» **WHAT TO DO**
In the material below, list every line carrying the string "Black".

» **DATA FOR THIS TASK**
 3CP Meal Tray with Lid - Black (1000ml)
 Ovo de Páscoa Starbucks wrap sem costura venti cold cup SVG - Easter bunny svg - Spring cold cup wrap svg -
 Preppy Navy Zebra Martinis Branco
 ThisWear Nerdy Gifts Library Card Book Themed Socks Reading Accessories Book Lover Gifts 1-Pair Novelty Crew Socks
* * *
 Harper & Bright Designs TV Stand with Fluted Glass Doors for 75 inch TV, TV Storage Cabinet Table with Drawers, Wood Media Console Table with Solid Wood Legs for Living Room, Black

» **TASK RESPONSE**
 3CP Meal Tray with Lid - Black (1000ml)
 Harper & Bright Designs TV Stand with Fluted Glass Doors for 75 inch TV, TV Storage Cabinet Table with Drawers, Wood Media Console Table with Solid Wood Legs for Living Room, Black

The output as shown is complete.